When young minds come together, the conviction to achieve a higher order is stronger, goals more daring and challenges more conquerable. Possibly, it is due to the belief that we are assuming the privilege of a longer time span than an older generation, or that of the techno-asset related advantage or just sheer, youthful spirit to make the world a better place for all.

Whatever the explanation, when the United Nations decided to invite young members of Junior Chamber International (JCI) to their famous abode in New York, they had hardly expected to be so overwhelmed! At the end of the JCI-UN Summit from 6th to 9th August this year with 189 representatives of 100 member countries of Junior Chamber from all five continents, the possibilities seemed endless.

Junior Chamber is an international organisation of young professionals and entreprenuers within the age group of 18 to 40. It was founded in 1910 in the United States and spread around the world to 110 countries with more than 200,000 members and a multiple of this in alumni. They are all dedicated to developing themselves to serve the community better. This is achieved through world class training, workshops, seminars, community involvement and international networking. The United Nations felt it would be a great partner organisation in implementing its Millennium Development Goals, to which countries must consort to, in order to continue receiving support from the United Nations. The goals include, halving the number of people below the poverty line, gender equality, reducing child mortality, environmental sustainability, ensuring primary education for all, overcoming fatal diseases like HIV /AIDS, malaria etc. Most importantly, creating a global network of partnership for development.

At the summit, the participants were thoroughly briefed on each of the nine development goals by the highest officials in each group. On the second day, the participants were divided into nine working groups and each came out with a proposal to incorporate ways to achieve the millennium development goals through the activities of Junior Chamber, nationally and internationally. Given the immediate pledge of all 100 participating nations, the immensely challenging goals seemed easily achievable.

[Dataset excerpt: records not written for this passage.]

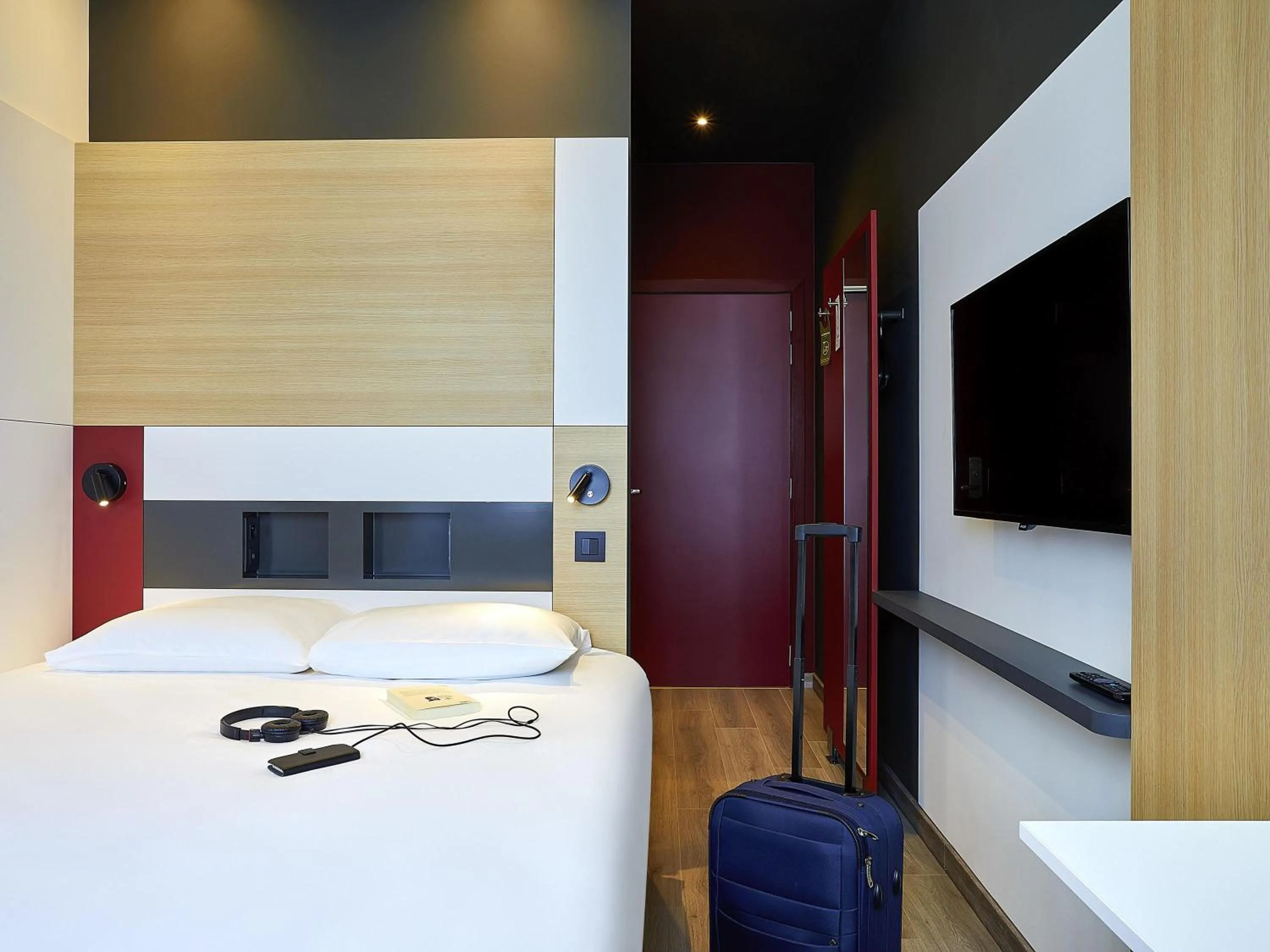 Bedroom, Bed in ibis budget Oostende Airport
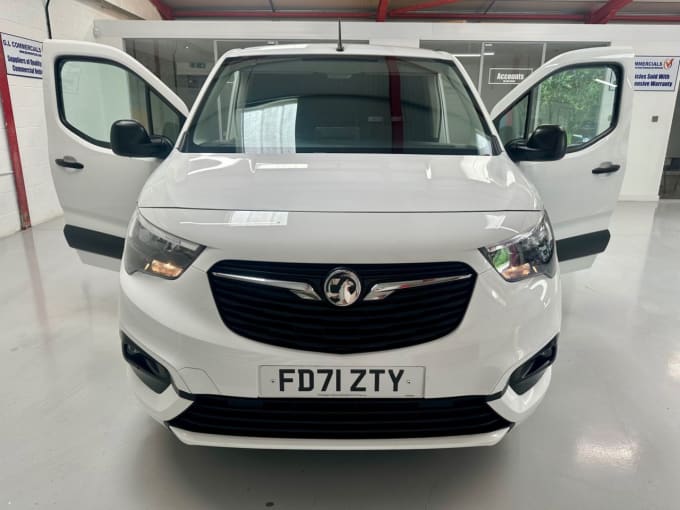2025 Vauxhall Combo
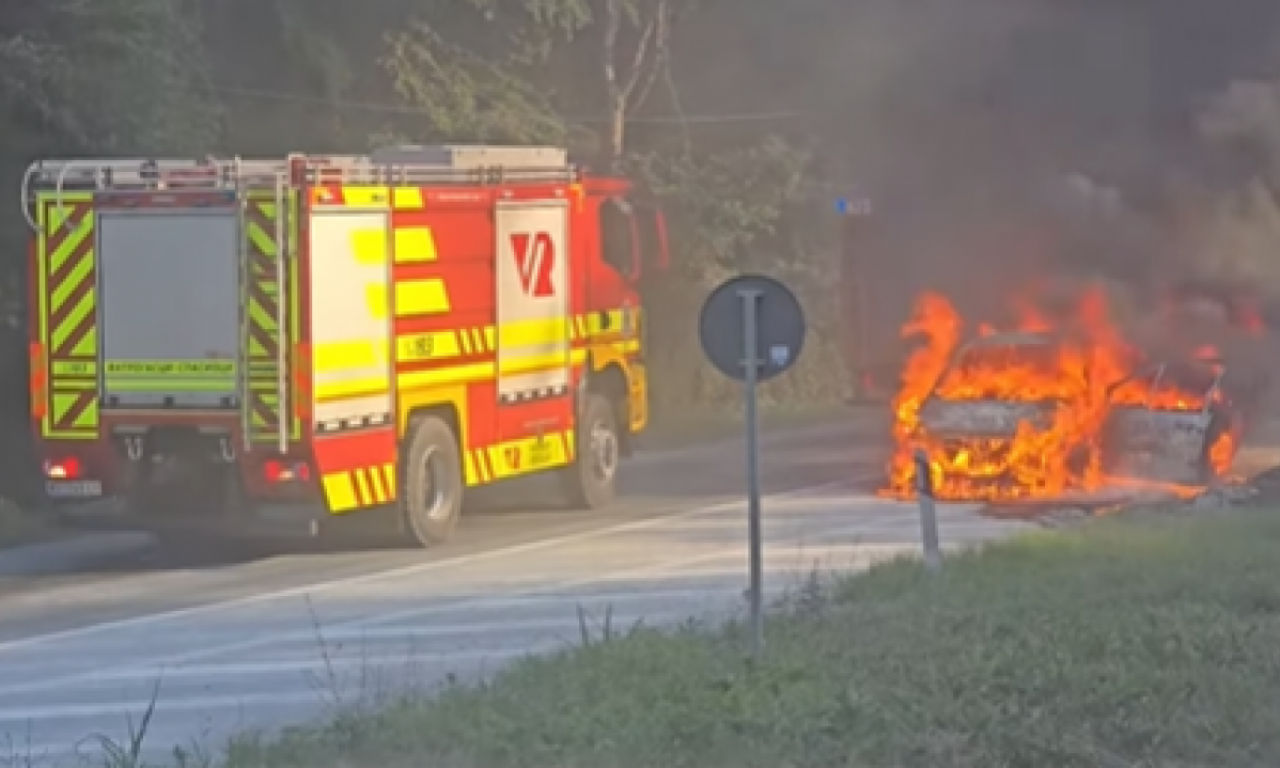VATRA PROGUTALA AUTOMOBIL NA IRIŠKOM VENCU: Jezive scene, vatrogasci hitno reagovali (VIDEO)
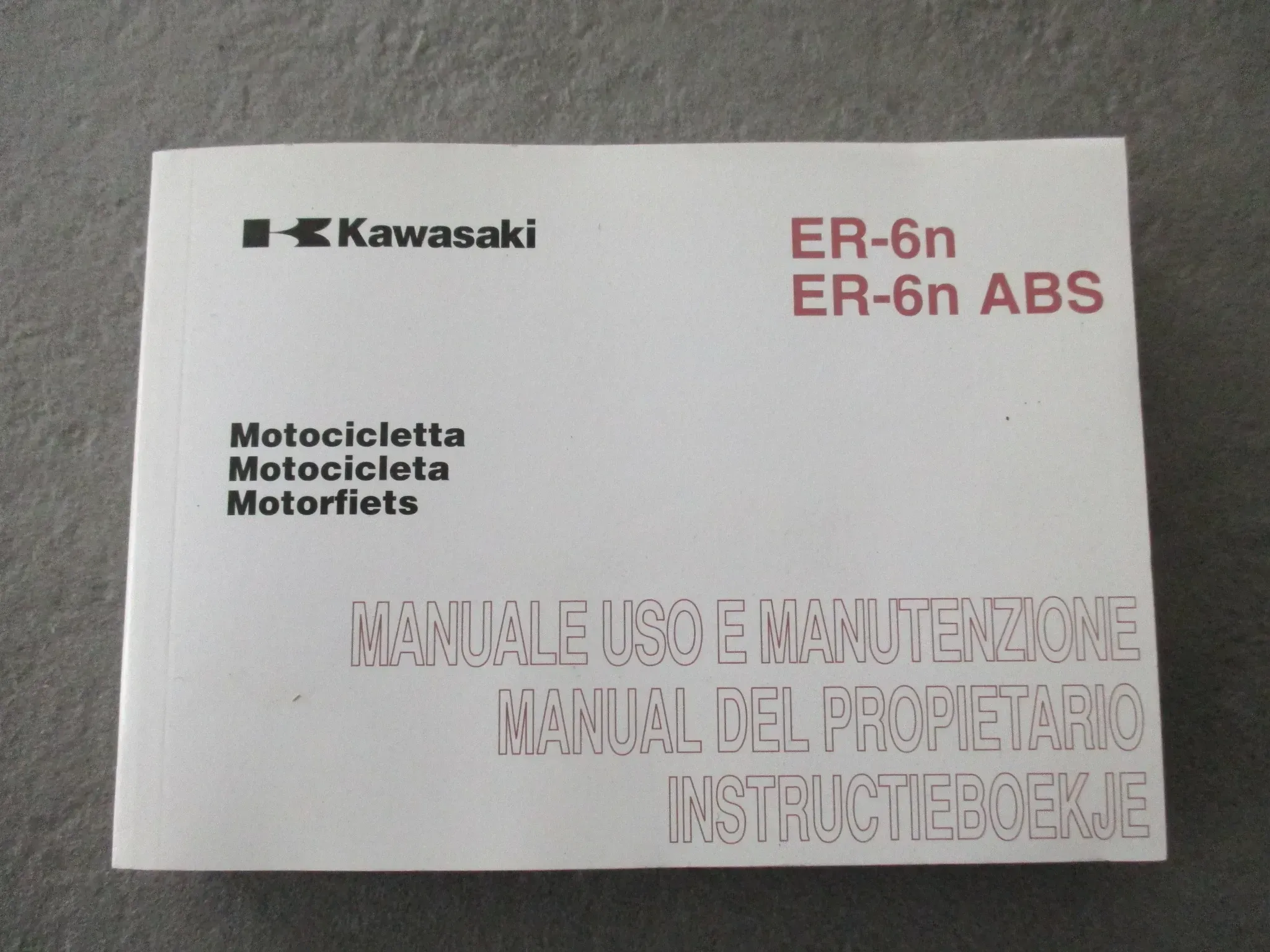 Kawasaki ER-6N ABS ER650CB/DB ET 99976-1581 Manuel del Propietario Benutzerhandbuch - Bild 1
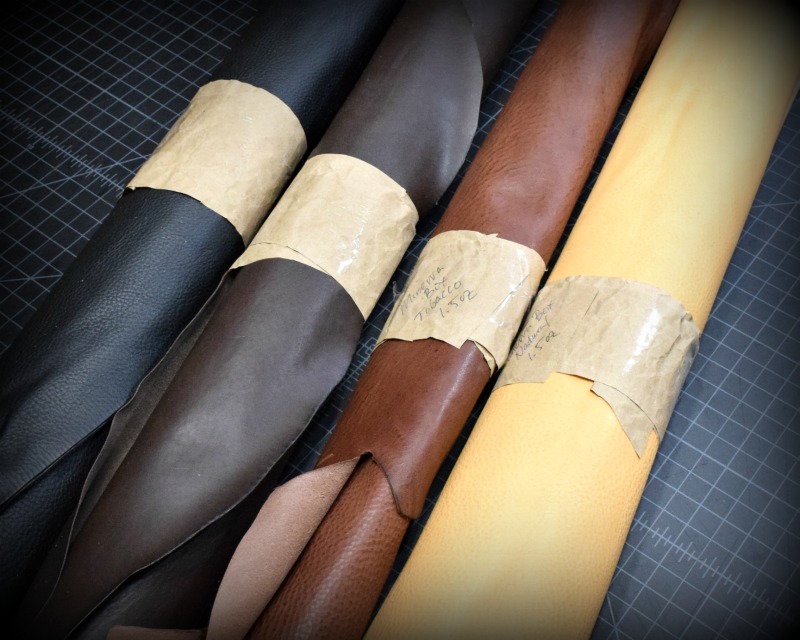 Minerva Box Leather Rolls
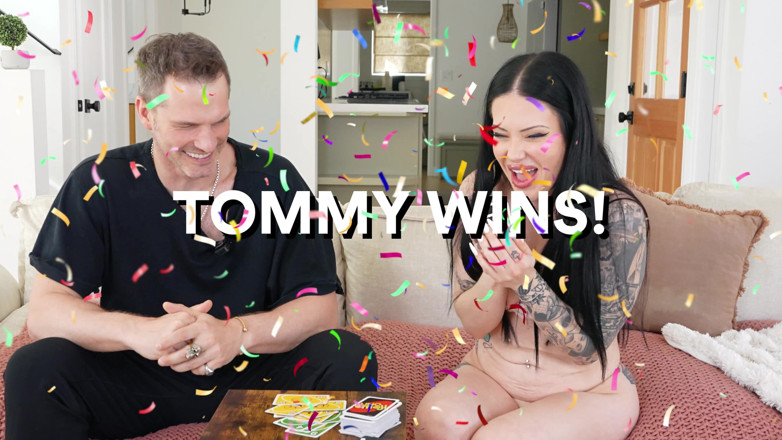 Tommy Wood XXX: Victoria Malfoy follada en el podcast de Tom Games
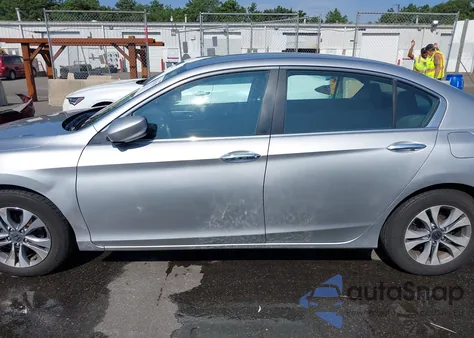 2015 Honda Accord Lx z USA, uszkodzony, nr VIN 1HGCR2F33FA160958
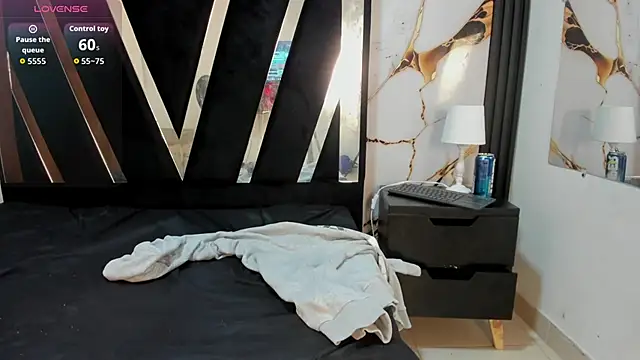 KarinaSimonz online show from 12.18.25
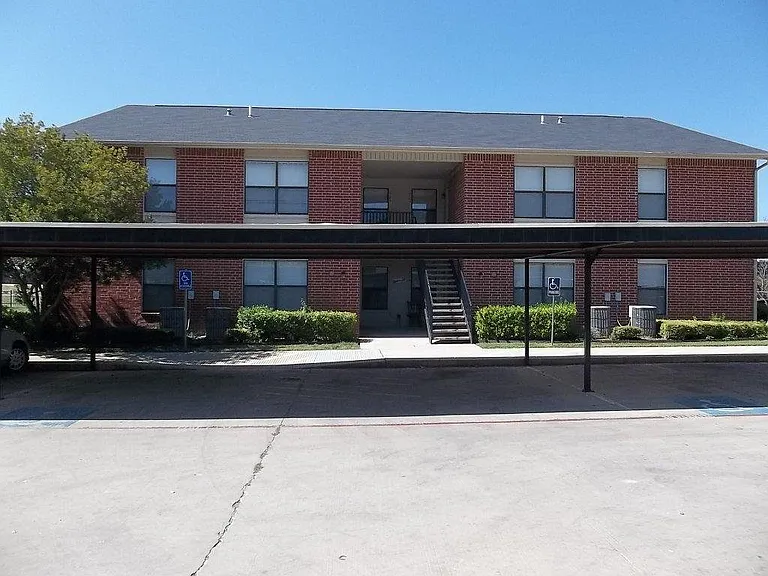 320 Bluffview Dr #320 — Photo 12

There were three delegates from Bangladesh: Nessar Maksud Khan, Rumana Khan and Mishu Rahman. Nessar Maksud Khan is also part of the international body, responsible for training upcoming member countries. The Bangladeshi team was greatly appreciated for being so active in community activities and members' training. At the working group session, a documentary on the non-formal primary education programme of Bangladesh was presented. Moreover, everyone appreciated the fact that most of the activities necessary for the fulfillment of the Millennium Development Goals, such as promoting the pharmaceuticals industries, environmental concerns, world trade issues, primary education, better and stronger human resources, were already addressed by the activities of Junior Chamber Bangladesh. Presenting such a positive and forward thinking image of our country was one of our greatest achievements at the JCI-UN summit.

The United Nations was represented in this event by Gillian Martin Sorenson, Assistant Secretary General for External Relations, Carol Bellamy, UNICEF Executive Director. Anne Annan, wife of SG Kofi Annan, Dr. Desmond Jones, New York Director for UNAIDS, Marta Mauras, Deputy Secretary-General of the UN and a few others. JCI World President Bruce Rector was Co-Chair for the whole event.

Being part of a global network that will help to enhance development across nations, Bangladesh will be able to give support in terms of trained personnel in development activities (we do have the greatest number of active NGOs!). The technological and infrastructural advancement of our nation will also be upheld to a global business community, which can only grow larger with time, given its young, dynamic and farsighted entrepreneurs. Such involvements are mutually beneficial to the business community of our country and society in general.